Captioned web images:
┄┄┄┄┄┄┄┄┄┄
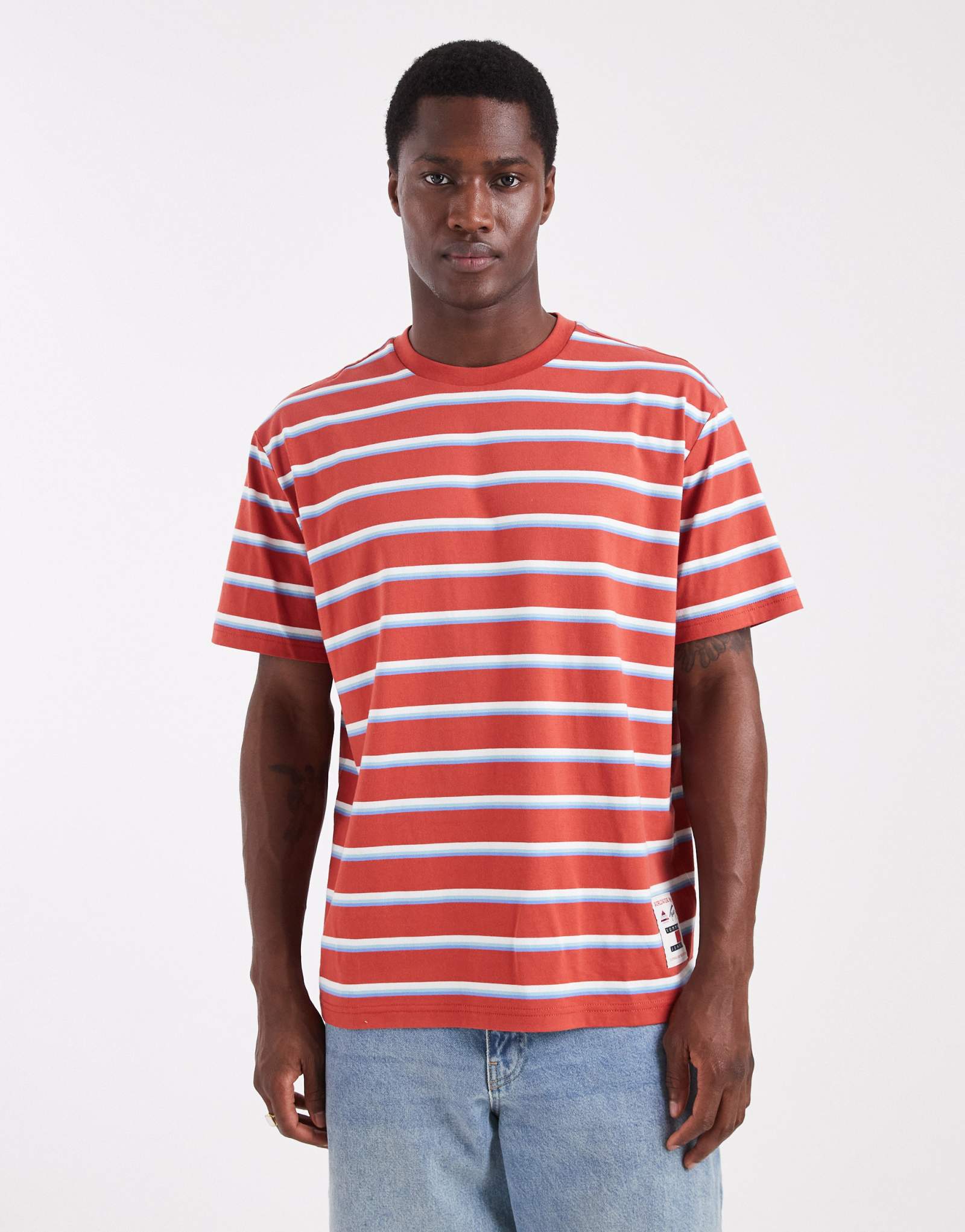 Непринужденная полосатая футболка Tommy Jeans с логотипом лейбла красного цвета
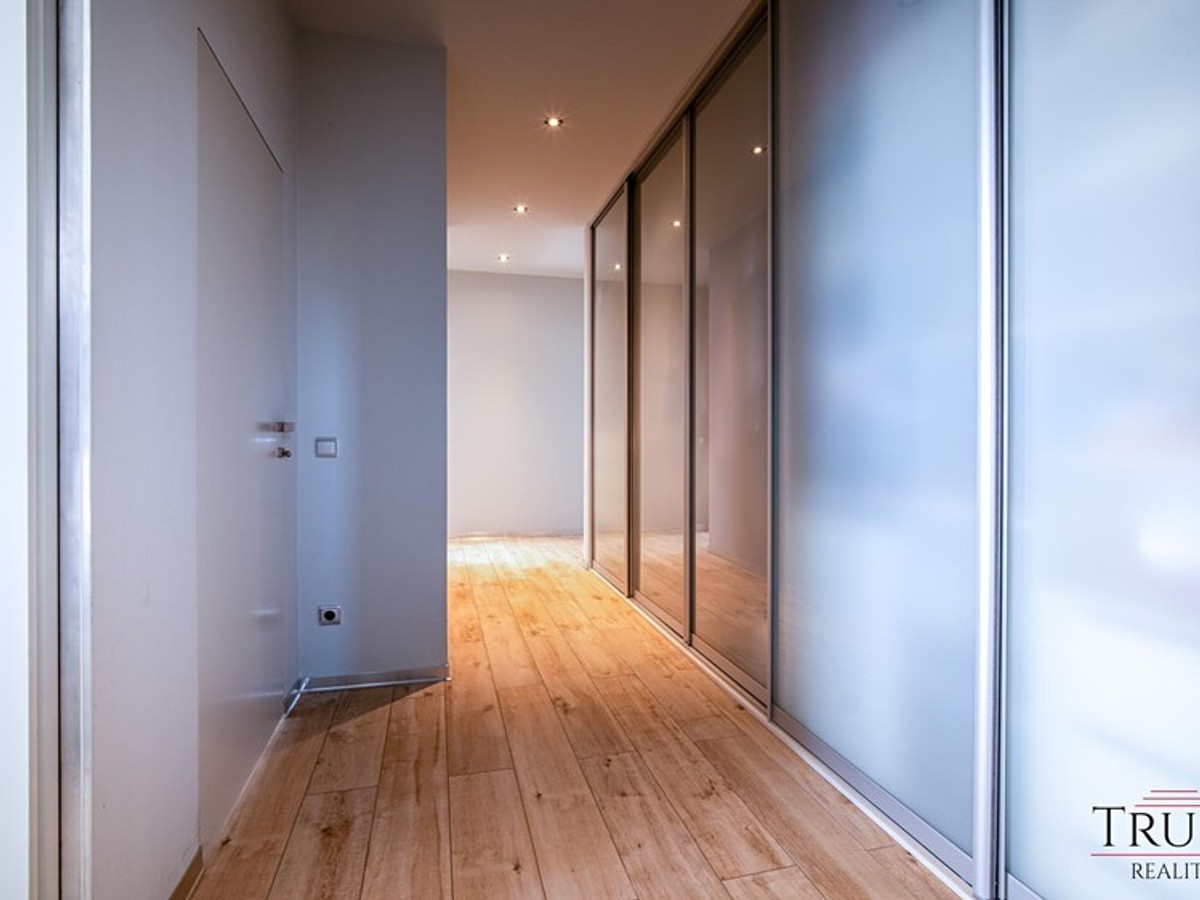 Prodej vily 308 m², pozemek 1162 m²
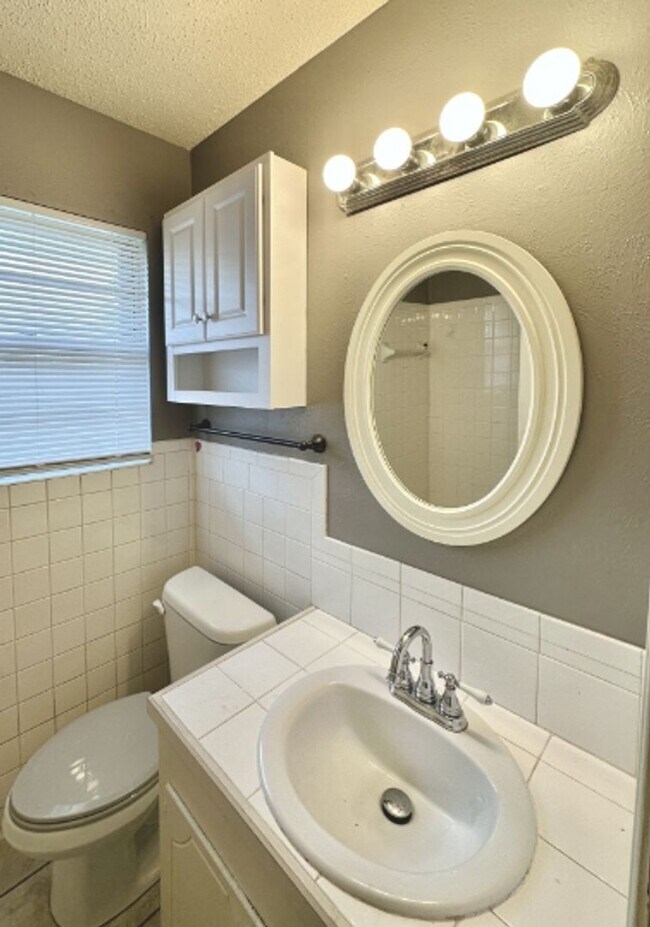 Building Photo - 4 bedroom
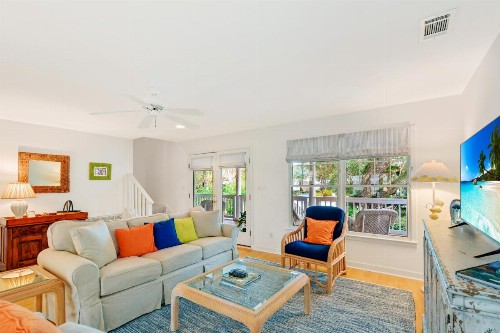 Beach House - image 9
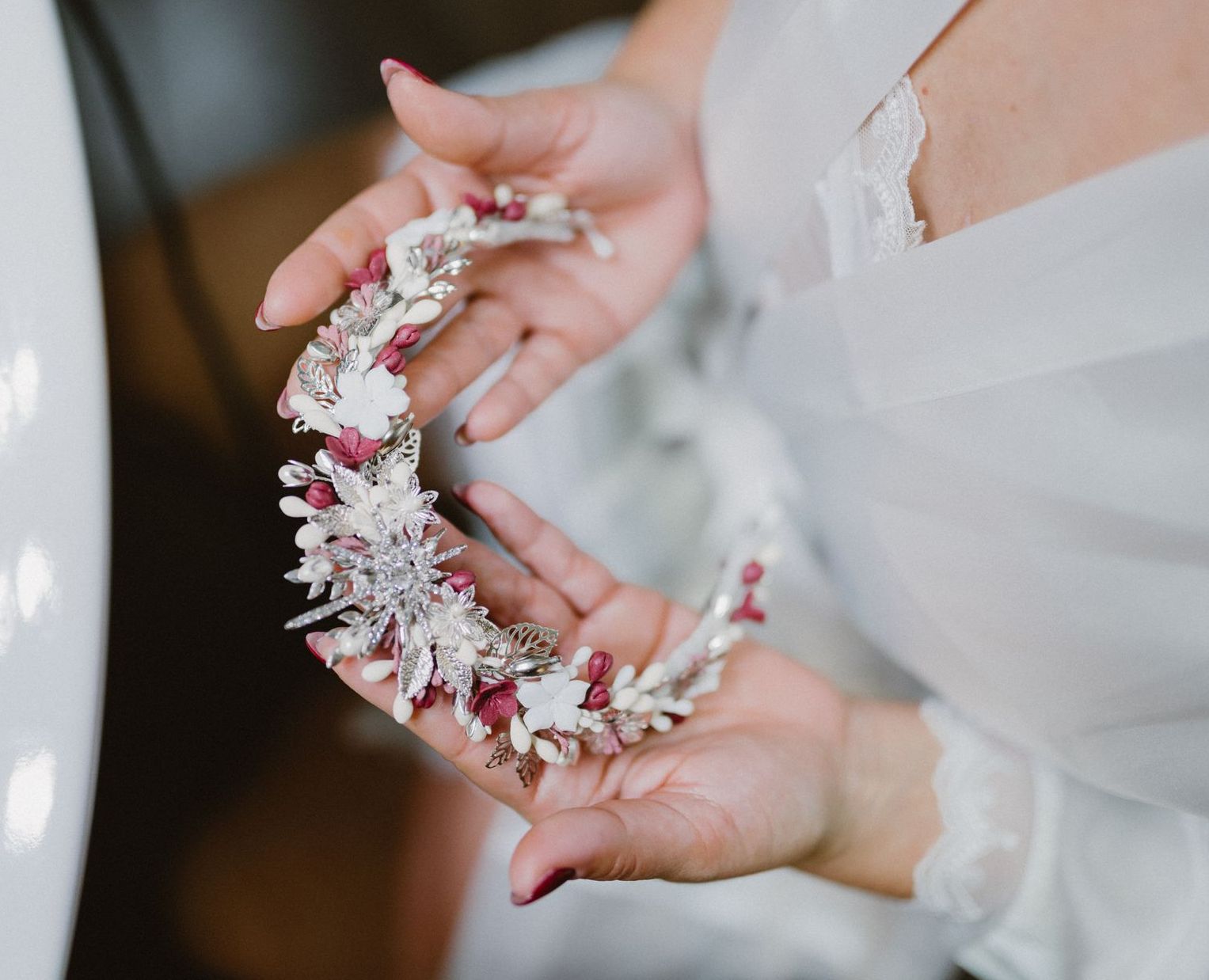 tienda de tiaras de flores de porcelana para novia en madrid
┄┄┄┄┄┄┄┄┄┄
### WHAT YOU ARE ASKED TO DO
Repeat every entry above exactly; images stay out of the copy.

### COMPLETED EXERCISE
 Непринужденная полосатая футболка Tommy Jeans с логотипом лейбла красного цвета
 Prodej vily 308 m², pozemek 1162 m²
 Building Photo - 4 bedroom
 Beach House - image 9
 tienda de tiaras de flores de porcelana para novia en madrid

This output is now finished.